*Supplied entries*:

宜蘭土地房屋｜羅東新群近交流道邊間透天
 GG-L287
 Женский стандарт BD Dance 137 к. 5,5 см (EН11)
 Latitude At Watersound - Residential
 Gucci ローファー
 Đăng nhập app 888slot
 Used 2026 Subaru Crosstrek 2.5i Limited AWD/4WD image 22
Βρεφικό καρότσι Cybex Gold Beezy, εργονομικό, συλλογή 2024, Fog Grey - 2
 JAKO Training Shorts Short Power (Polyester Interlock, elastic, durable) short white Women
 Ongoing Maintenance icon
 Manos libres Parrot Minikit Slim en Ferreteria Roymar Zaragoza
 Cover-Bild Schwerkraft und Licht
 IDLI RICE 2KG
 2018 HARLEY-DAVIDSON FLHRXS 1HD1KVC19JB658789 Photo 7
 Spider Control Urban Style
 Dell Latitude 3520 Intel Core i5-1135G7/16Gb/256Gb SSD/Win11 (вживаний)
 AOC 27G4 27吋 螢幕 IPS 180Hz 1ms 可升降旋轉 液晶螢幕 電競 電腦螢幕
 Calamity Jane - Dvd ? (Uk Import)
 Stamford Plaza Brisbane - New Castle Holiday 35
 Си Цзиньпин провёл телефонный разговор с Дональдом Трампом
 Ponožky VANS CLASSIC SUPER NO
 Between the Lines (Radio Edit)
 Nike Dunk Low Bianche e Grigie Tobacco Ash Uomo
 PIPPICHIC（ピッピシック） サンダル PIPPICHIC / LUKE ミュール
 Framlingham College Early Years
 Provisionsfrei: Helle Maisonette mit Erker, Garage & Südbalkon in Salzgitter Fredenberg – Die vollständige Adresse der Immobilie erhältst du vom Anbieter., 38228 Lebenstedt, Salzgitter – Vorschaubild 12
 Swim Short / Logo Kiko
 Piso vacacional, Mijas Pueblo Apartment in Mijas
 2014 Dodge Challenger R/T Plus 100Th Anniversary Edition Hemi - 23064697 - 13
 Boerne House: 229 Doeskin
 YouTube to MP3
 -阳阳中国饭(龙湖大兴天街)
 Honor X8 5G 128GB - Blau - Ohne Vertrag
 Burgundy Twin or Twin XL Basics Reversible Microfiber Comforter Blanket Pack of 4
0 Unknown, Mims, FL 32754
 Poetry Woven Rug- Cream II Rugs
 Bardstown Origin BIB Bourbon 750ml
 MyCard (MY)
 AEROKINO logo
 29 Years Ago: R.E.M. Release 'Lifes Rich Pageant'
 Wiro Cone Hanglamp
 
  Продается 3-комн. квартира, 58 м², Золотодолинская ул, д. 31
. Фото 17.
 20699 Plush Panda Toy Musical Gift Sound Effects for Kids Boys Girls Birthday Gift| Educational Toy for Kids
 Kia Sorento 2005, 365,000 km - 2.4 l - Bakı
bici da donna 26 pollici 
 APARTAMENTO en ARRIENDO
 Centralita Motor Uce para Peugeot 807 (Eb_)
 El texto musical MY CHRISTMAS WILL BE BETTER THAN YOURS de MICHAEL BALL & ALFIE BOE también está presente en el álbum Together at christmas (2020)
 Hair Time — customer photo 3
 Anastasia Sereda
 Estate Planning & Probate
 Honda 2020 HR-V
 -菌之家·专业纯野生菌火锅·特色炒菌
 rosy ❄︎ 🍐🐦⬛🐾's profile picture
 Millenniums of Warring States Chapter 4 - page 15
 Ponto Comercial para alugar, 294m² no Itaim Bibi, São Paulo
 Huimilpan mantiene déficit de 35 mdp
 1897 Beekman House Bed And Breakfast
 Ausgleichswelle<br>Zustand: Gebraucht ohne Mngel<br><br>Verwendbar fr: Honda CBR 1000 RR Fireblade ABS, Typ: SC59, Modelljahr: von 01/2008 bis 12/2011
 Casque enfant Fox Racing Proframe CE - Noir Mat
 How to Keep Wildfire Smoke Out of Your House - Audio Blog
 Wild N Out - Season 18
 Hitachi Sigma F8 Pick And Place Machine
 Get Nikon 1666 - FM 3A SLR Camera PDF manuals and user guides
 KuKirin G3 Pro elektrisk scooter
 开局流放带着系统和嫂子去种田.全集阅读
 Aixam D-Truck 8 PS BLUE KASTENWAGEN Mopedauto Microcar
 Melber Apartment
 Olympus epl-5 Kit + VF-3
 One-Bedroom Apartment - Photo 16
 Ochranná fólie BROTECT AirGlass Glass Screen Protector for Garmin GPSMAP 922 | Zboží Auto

*Work to be completed*:
Using the data above, reproduce exactly the lines from the line that contains "Estate Planning & Probate" through the line that contains "开局流放带着系统和嫂子去种田.全集阅读", including both.

*Task answer*:
 Estate Planning & Probate
 Honda 2020 HR-V
 -菌之家·专业纯野生菌火锅·特色炒菌
 rosy ❄︎ 🍐🐦⬛🐾's profile picture
 Millenniums of Warring States Chapter 4 - page 15
 Ponto Comercial para alugar, 294m² no Itaim Bibi, São Paulo
 Huimilpan mantiene déficit de 35 mdp
 1897 Beekman House Bed And Breakfast
 Ausgleichswelle<br>Zustand: Gebraucht ohne Mngel<br><br>Verwendbar fr: Honda CBR 1000 RR Fireblade ABS, Typ: SC59, Modelljahr: von 01/2008 bis 12/2011
 Casque enfant Fox Racing Proframe CE - Noir Mat
 How to Keep Wildfire Smoke Out of Your House - Audio Blog
 Wild N Out - Season 18
 Hitachi Sigma F8 Pick And Place Machine
 Get Nikon 1666 - FM 3A SLR Camera PDF manuals and user guides
 KuKirin G3 Pro elektrisk scooter
 开局流放带着系统和嫂子去种田.全集阅读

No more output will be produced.